My workout schedule became like this:
Monday – Run 5 miles in the hills, hike 3 miles in the hills with 30 pounds of gear
Tuesday – Lift weights for 1 hour, do abdominal workouts for 20 minutes
Wednesday – Use elliptical machine for 1 hour, hike 4 miles in the hills with 25 pounds of gear
Thursday – Lift weights for 1 hour, do abdominal workouts for 20 minutes
Friday – Run 2 miles or use the stationary bike for 40 minutes, hike 5 miles in the hills with 20 pounds of gear
Saturday – light workout either playing basketball or cross-fit training
Sunday – Off/rest day
I would highly advise having an off day for resting so your body doesn’t become burnt out and completely tired out. Also, ensure that you eat properly so your body gets the proper minerals and nutrients to build itself again. That means you don’t go eat fast-food after every time you do a hike. You have to consume smart too. But remember training is mind and body, so make sure that you push your body on a gradual scale.

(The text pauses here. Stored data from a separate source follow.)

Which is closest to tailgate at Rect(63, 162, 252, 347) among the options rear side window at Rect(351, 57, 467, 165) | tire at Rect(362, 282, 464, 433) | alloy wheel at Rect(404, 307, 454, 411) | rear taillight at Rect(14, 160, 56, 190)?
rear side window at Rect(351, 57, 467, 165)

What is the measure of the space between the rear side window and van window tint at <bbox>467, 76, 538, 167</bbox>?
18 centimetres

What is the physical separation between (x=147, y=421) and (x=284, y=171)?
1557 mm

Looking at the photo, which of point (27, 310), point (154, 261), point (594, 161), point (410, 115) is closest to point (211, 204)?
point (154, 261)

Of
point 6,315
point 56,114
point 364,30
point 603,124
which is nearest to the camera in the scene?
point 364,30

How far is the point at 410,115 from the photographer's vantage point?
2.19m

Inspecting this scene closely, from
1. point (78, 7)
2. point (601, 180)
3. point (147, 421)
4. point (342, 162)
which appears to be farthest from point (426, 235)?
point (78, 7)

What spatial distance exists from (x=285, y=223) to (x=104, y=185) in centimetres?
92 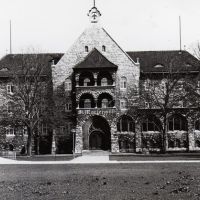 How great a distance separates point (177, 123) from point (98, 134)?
1078 centimetres

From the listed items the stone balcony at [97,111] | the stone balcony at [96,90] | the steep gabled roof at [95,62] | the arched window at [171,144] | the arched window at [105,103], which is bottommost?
the arched window at [171,144]

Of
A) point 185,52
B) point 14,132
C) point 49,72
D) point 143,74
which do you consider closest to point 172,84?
point 143,74

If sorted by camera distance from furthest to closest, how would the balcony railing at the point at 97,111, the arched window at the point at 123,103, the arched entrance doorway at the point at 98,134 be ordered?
the arched window at the point at 123,103 → the arched entrance doorway at the point at 98,134 → the balcony railing at the point at 97,111

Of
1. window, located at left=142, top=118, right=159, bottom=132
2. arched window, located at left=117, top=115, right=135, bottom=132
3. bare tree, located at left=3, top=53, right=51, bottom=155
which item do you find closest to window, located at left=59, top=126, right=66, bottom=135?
bare tree, located at left=3, top=53, right=51, bottom=155

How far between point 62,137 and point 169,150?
1422cm

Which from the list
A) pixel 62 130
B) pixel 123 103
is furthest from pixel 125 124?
pixel 62 130

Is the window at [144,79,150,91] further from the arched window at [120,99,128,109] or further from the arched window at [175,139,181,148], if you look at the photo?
the arched window at [175,139,181,148]

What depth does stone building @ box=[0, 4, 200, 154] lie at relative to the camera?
59.2 metres

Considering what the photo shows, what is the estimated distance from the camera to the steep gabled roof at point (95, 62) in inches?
2347

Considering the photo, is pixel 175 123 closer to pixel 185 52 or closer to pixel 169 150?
pixel 169 150

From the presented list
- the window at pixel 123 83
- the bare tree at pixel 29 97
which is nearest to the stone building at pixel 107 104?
the window at pixel 123 83

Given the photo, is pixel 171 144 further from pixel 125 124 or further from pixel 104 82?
pixel 104 82

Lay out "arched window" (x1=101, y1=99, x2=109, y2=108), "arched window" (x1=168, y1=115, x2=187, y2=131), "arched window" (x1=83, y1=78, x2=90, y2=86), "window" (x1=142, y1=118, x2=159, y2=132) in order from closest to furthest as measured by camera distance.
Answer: "arched window" (x1=101, y1=99, x2=109, y2=108), "arched window" (x1=83, y1=78, x2=90, y2=86), "arched window" (x1=168, y1=115, x2=187, y2=131), "window" (x1=142, y1=118, x2=159, y2=132)

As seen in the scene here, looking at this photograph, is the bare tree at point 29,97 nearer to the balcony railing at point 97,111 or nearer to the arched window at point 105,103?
the balcony railing at point 97,111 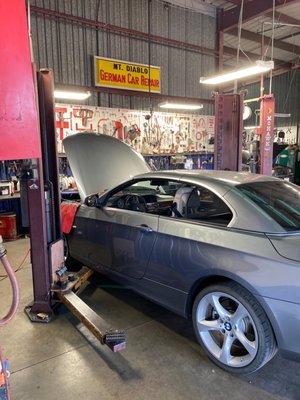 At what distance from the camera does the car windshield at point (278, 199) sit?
89.9 inches

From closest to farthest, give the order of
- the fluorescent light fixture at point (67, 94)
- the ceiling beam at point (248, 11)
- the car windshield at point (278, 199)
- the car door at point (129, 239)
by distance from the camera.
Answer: the car windshield at point (278, 199)
the car door at point (129, 239)
the fluorescent light fixture at point (67, 94)
the ceiling beam at point (248, 11)

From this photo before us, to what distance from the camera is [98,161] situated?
4.15 m

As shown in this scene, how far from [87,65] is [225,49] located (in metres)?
6.34

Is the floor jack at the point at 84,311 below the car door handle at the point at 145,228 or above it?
below

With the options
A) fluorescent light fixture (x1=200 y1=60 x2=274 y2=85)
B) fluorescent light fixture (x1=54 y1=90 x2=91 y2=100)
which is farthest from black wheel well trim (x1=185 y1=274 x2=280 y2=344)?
fluorescent light fixture (x1=54 y1=90 x2=91 y2=100)

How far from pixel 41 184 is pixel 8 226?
3881 millimetres

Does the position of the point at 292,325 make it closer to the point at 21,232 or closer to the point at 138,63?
the point at 21,232

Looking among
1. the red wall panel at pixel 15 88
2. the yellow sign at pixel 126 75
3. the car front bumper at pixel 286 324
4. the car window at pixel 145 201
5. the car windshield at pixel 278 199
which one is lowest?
the car front bumper at pixel 286 324

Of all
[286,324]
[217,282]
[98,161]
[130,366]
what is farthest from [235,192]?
[98,161]

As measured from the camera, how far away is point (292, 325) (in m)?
1.95

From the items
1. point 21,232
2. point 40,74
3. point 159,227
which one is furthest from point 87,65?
point 159,227

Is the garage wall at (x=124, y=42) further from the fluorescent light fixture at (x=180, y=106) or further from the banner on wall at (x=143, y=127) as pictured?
the fluorescent light fixture at (x=180, y=106)

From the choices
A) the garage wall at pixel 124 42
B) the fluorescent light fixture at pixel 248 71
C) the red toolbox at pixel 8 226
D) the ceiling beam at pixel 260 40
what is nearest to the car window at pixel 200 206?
the fluorescent light fixture at pixel 248 71

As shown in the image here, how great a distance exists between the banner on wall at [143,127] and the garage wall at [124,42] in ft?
1.07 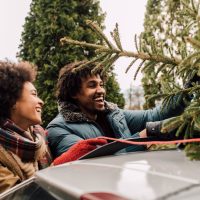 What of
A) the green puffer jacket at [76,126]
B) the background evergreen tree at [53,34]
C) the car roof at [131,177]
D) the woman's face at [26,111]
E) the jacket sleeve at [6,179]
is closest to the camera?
the car roof at [131,177]

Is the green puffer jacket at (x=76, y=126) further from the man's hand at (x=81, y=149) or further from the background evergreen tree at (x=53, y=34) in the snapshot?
the background evergreen tree at (x=53, y=34)

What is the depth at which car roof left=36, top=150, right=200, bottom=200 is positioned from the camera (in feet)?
3.22

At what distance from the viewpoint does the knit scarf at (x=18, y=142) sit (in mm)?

What do I mean by pushing the body? Well, as you can see that the weight of my pack and the mileage changed as the week went on so my body would not be used to the same thing over and over. I think it’s important to vary the workout so you don’t become too comfortable and run into a workout rut where everything becomes boring because it’s the same thing over and over again. You also need to do other types of workouts as well including lifting weights as muscle mass which will help your body become strengthened.
I also understand that a lot of people are busy and cannot do such a schedule. But you know what? If you are determined to do this, then you will find the time. I did workouts twice a day to make this work so I would not be relying on others to carry my pack or stuff on the Trail. If need be, I would go with an easier schedule but you probably have to start this workout regime earlier to do this.

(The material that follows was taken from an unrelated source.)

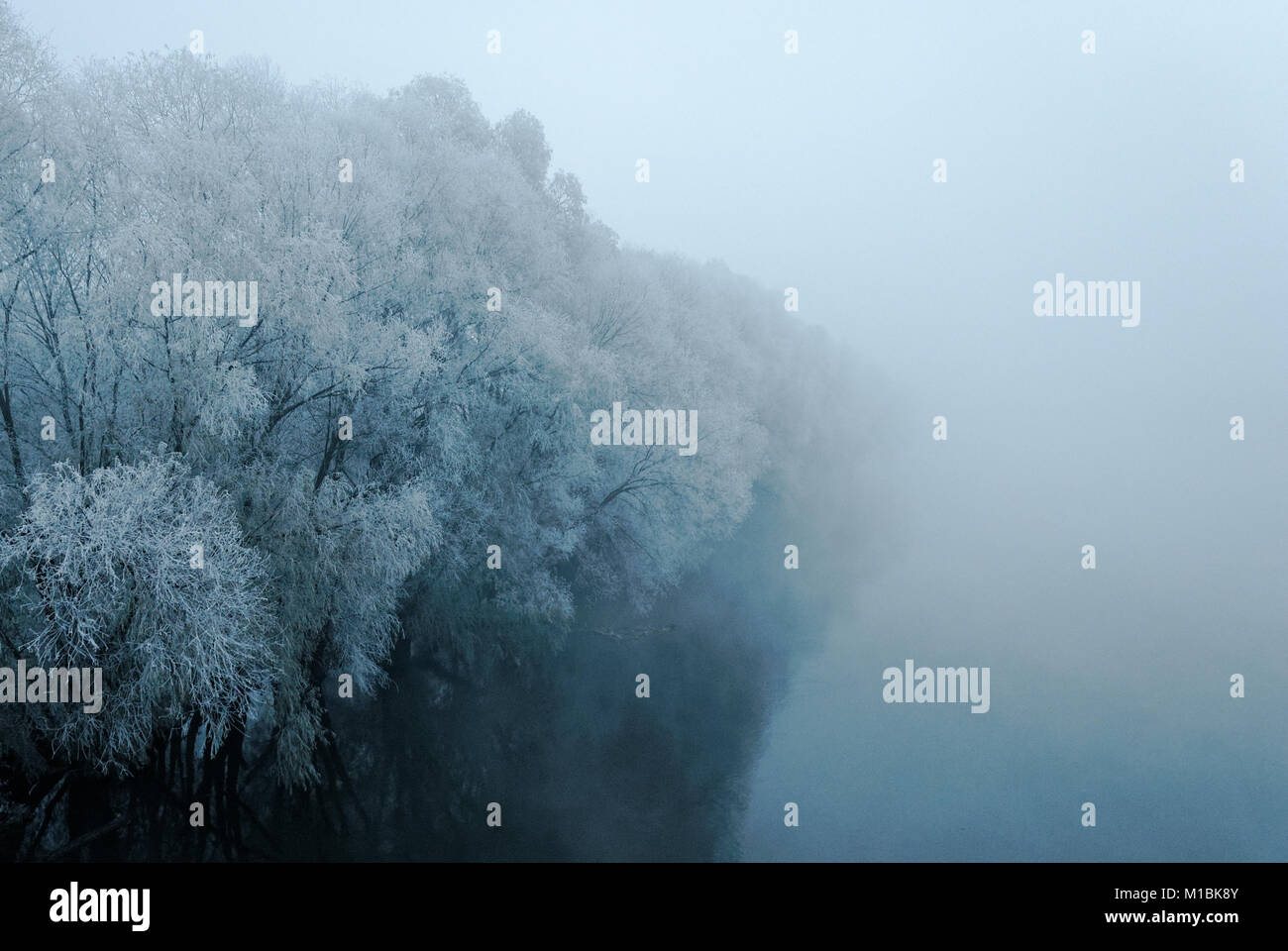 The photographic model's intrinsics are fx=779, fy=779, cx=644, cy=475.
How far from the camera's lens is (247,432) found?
524 inches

Such a workout would be like this but refer to a professional trainer for better advice. Remember, eat healthy as well!
Monday – Hike 2 miles in the hills with 20 pounds of gear
Tuesday – Lift weights for 40 minutes, do abdominal workouts for 20 minutes
Wednesday – Hike 3 miles in the hills with 20 pounds of gear
Thursday – Lift weights for 40 minutes, do abdominal workouts for 20 minutes
Friday – Hike 6 miles with 20 pounds of gear
Saturday – light workout
Sunday – Off/rest day
It’s a toned-down version and I’ll let you configure how you see fit according to how you want to do it. Just make sure that you have a plan on doing any arduous hikes because I’ve seen a lot of people on the Incan Trail struggle on all 4 days of hiking including the easy hiking day. This shows that these people thought that they could come in and do the hike. Yes, it is possible but it will make things more difficult. So even if you are lazy or just hard-pressed for time, I would at least go hiking two to three times a week to get your body used to the physical rigors. I would use a workout schedule like this:
Monday – Hike 3-5 miles with 20 pounds of gear on flat ground
Wednesday – Hike 2-4 miles with 20 pounds of gear in the hills
Friday – brisk walk
And of course, as time goes on, increase the length of the hike and weight of the pack.
Another very important thing to do is to hike with gear (for weight) and the boots you plan on wearing to the trip. You want to train with the items you have so you become used to them and can easily make any changes on how it sits on your shoulders, back, or hips. The worst thing to do is to go on a trip with stuff you’ve never used and find out that it’s too small, too large, the pack feels weird when going downhill, or there’s something about it that doesn’t seem right. You want to correct these issues as early as possible so you’ll be spending most of your trip having a good time rather than thinking about your ineffective gear.
And yes, you can hire a porter to carry most of your gear and just carry a small backpack for your water and some snacks, but the trip won’t be as rewarding in the end in my opinion. You certainly won’t be able to say that you carried 20-30 pounds of gear on your back while on the Incan Trail. But at the very least, make a plan and stick with it. That way you’re planning to succeed and have a good time rather than trying to play “catch-up” on the hike itself and end up having a bad time. It’s your responsibility on how well prepared you come and not rely on someone else unless you’re paying for the service. But remember if you’re doing a strenuous hike to Machu Picchu, well, you know what it is going to take – lots of training. I highly recommend over-training so you’re not “holding back” but going all-out. You might actually find out that you like it!